Orang-orang Papua yang akan memberikan suara dalam Pepera 1969 dengan sistem musyawarah juga ditentukan oleh pejabat Indonesia. Pelaksanaannya pun dijaga ketat oleh militer dan polisi Indonesia.
Laporan resmi PBB, Annex1 Paragraf 189-200, menyebutkan bahwa pada 14 Juli 1969, Pepera dimulai dengan 175 anggota dewan musyawarah untuk Merauke. Dalam kesempatan itu, kelompok besar tentara Indonesia hadir.

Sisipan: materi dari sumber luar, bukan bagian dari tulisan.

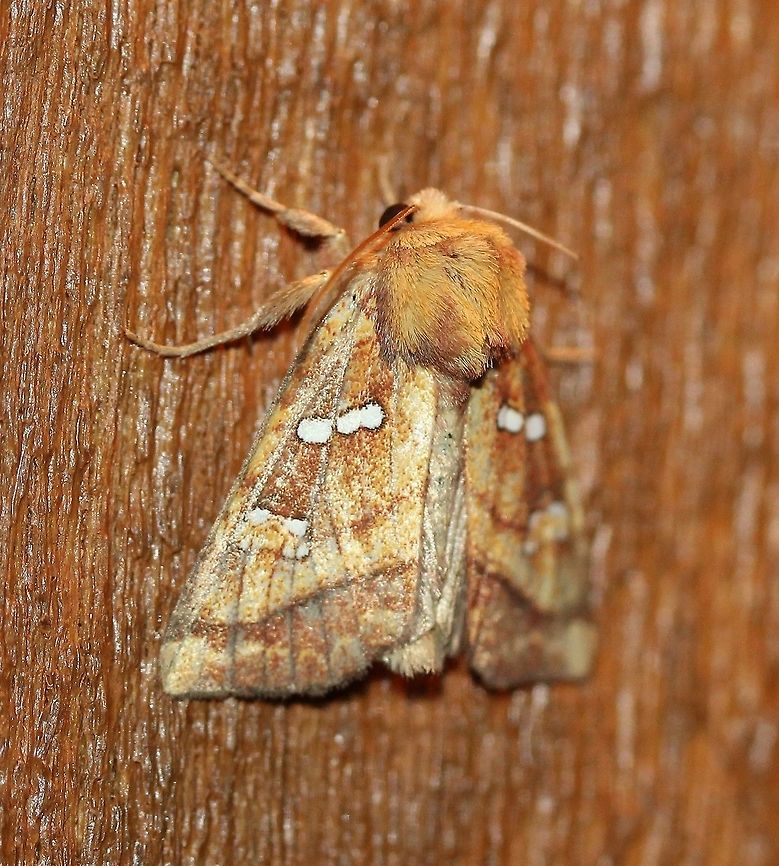 Papaipema pterisii (Bracken Borer Moth)  Apameini,Bracken Borer Moth,Bracken borer moth,Cutworm Moths,Fall,Geotagged,Lepidoptera,Noctuidae,Noctuinae,Noctuoidea,Owlet Moths,Papaipema pterisii,United States,insect,moth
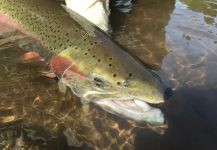 Fly-fishing Picture of Steelhead shared by Eiji Nakano – Fly dreamers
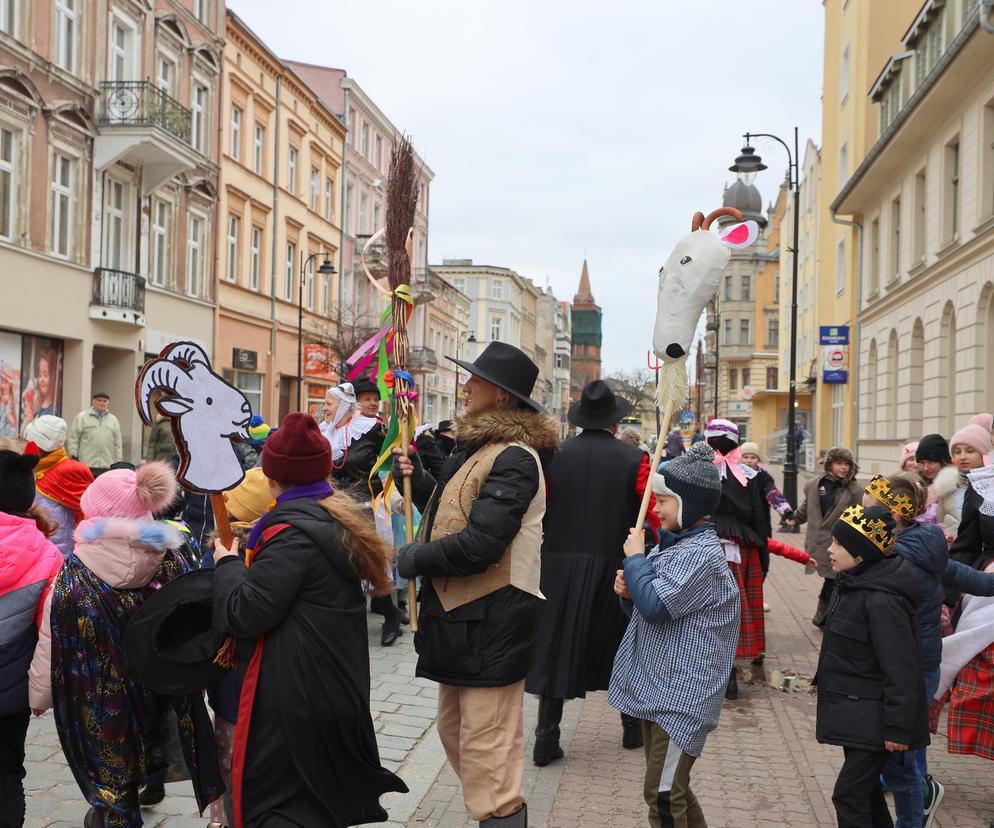 Podkoziołek na Deptaku w Gnieźnie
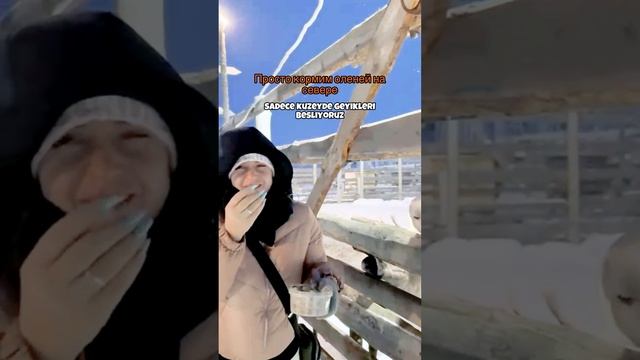 Мурманск -Териберка 2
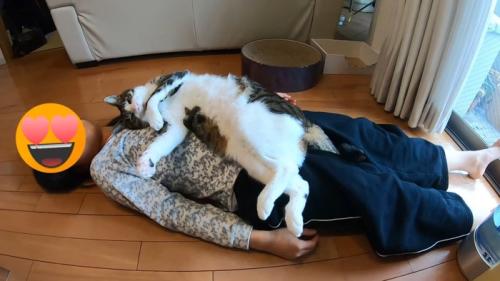 体の上に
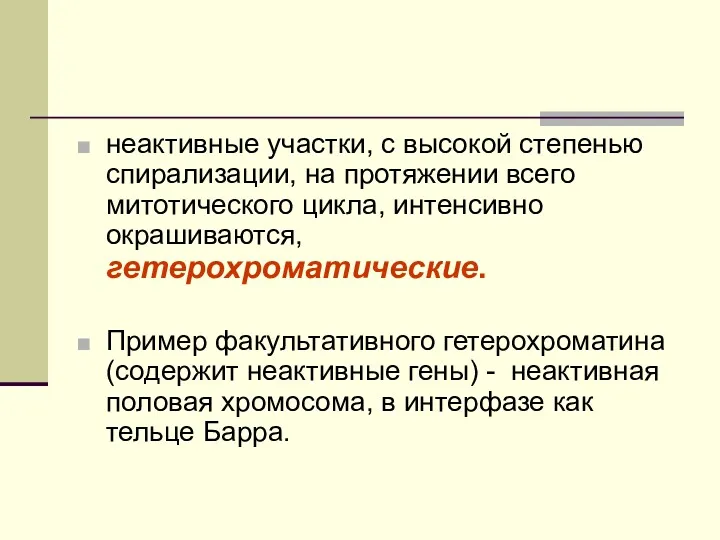 неактивные участки, с высокой степенью спирализации, на протяжении всего митотического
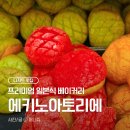 [대구] 신세계백화점 일본식 베이커리 '에키노아토리에' 메론빵 솔직 후기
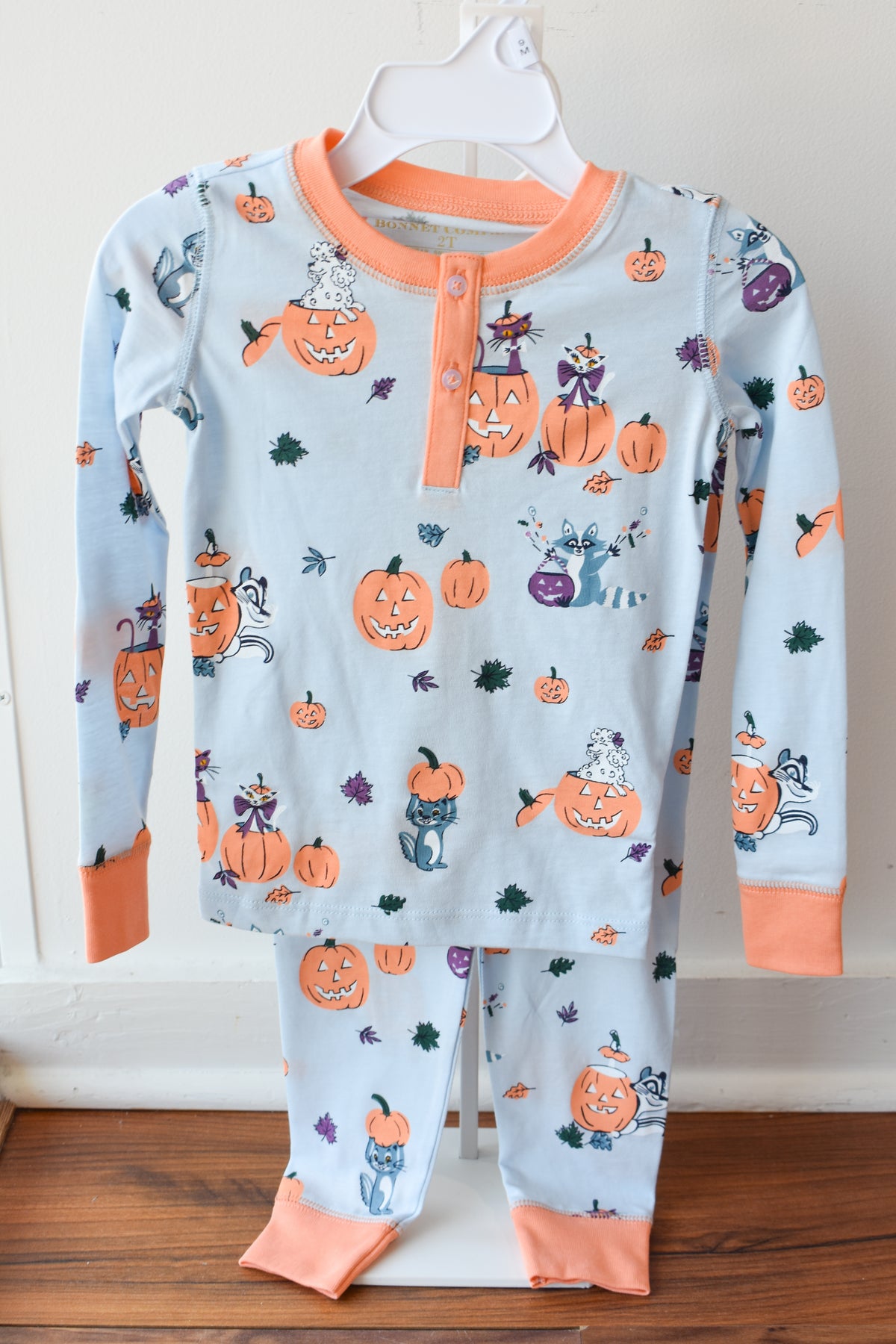Payton Pajama Set-Blue Candy and Critters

Menurut beberapa reportase kala itu, para wakil warga Papua yang hadir di Pepera adalah mereka yang kerap menerima bantuan.

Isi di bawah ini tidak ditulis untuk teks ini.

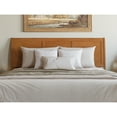 thumbnail image 4 of King Bed Frame with Charging Station - Solid Wood Sleigh Headboard, Light Toffee Finish, 4 of 6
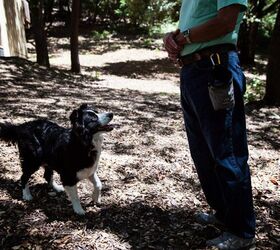 Canine Investigators on the Trail of Amelia Earhart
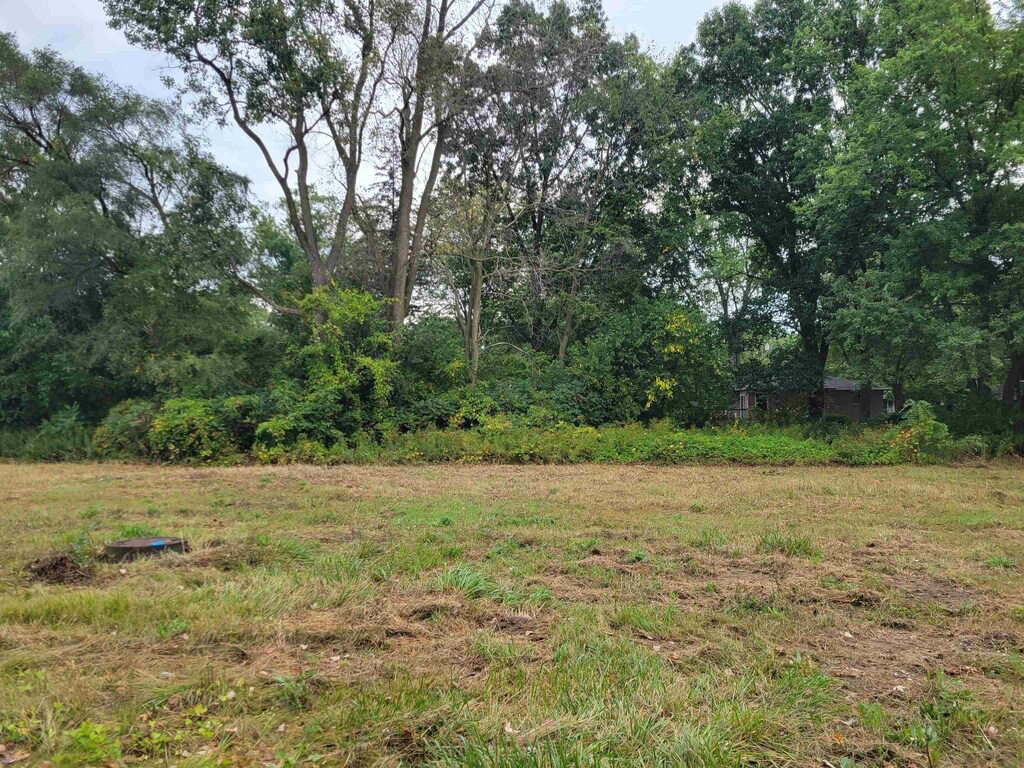11461 Hidden Oaks Dr, Clio, MI 48420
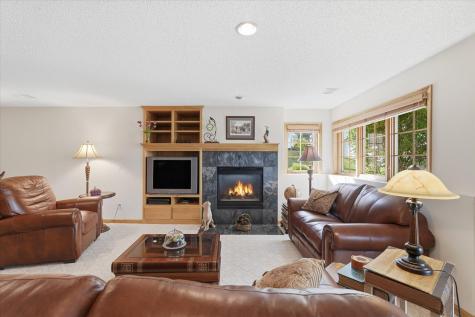 16737 49th Place N Plymouth MN 55446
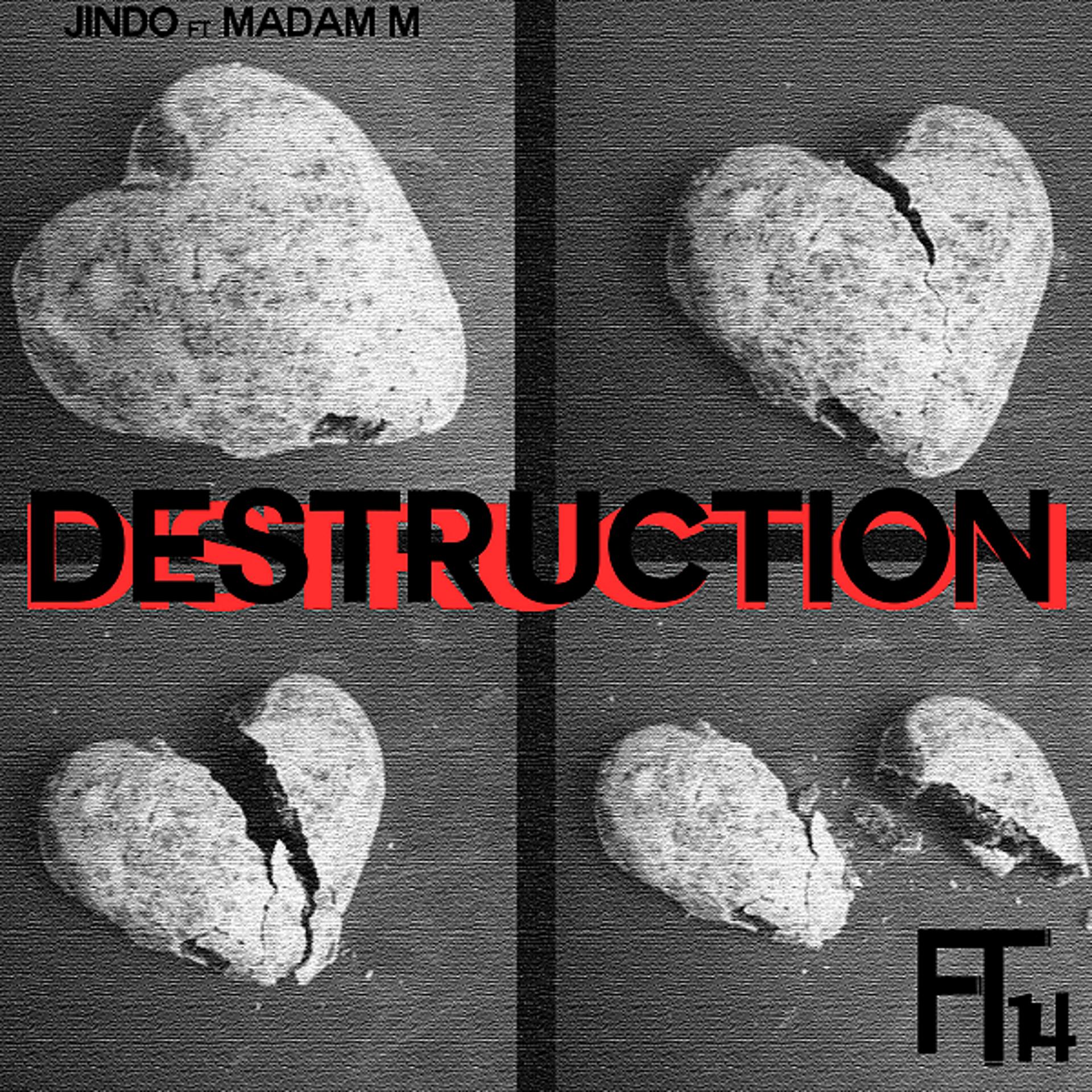 Постер альбома Destruction (feat. Madam Marvelous)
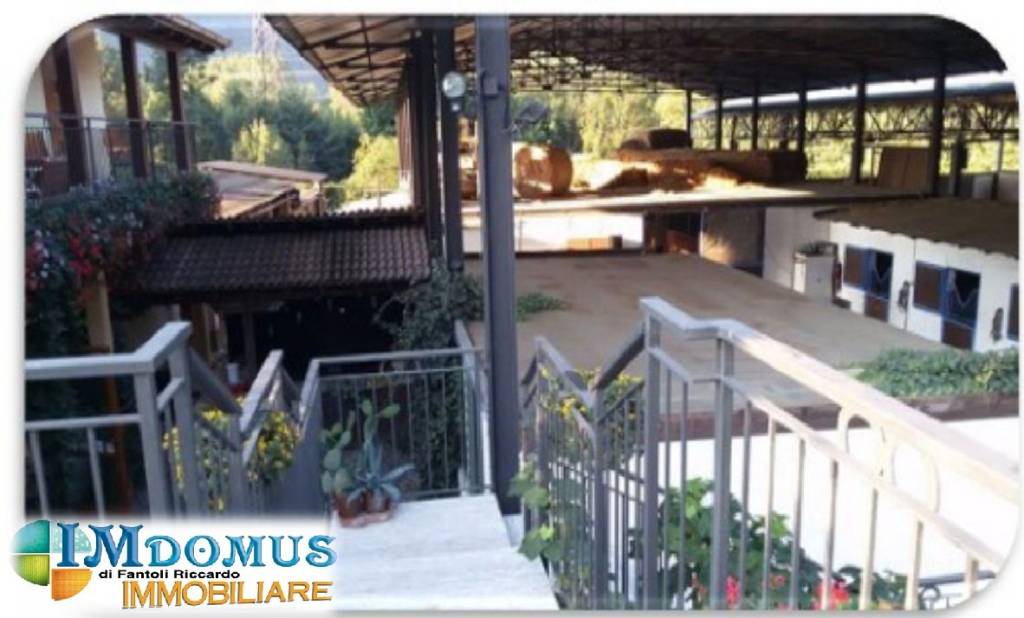 immagine annuncio 4 di 13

Dalam proses itu, Ali Moertopo ditugaskan untuk memastikan agar pemungutan suara dihadiri oleh orang Irian yang pro-integrasi. Hasilnya tentu sudah diduga.

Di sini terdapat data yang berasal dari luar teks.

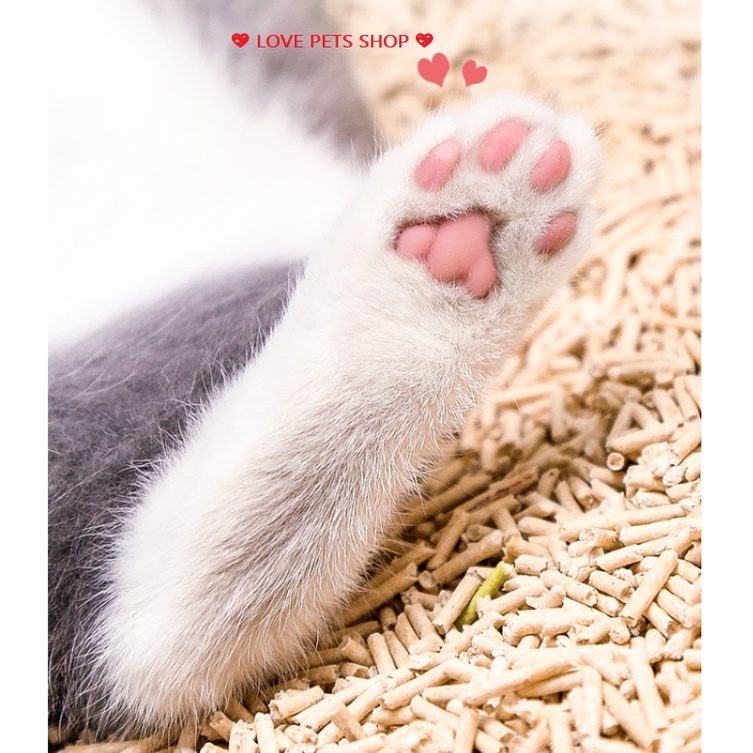 CÁT VỆ SINH CHO MÈO LÀM TỪ ĐẬU NÀNH TOFU CAT 6L - LOVE PETS SHOP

Pada Agustus tahun itu, hasil Pepera menunjukkan Irian ingin bergabung dengan Indonesia.
Atas kisah yang kurang terlalu jernih itu, akhirnya dilahirkan opini oleh kelompok pro kemerdekaan Papua bahwa, seolah-olah Papua memiliki hak yang mirip dengan Timor Timur, dengan menganjurkan agar referendum yang sama juga diberikan kepada Papua.
Padahal menurut para pakar hukum internasional Indonesia, pandangan tersebut keliru alias dianggap tidak paham hukum internasional, sehingga tidak bisa membedakan status Papua dan Timor Timur.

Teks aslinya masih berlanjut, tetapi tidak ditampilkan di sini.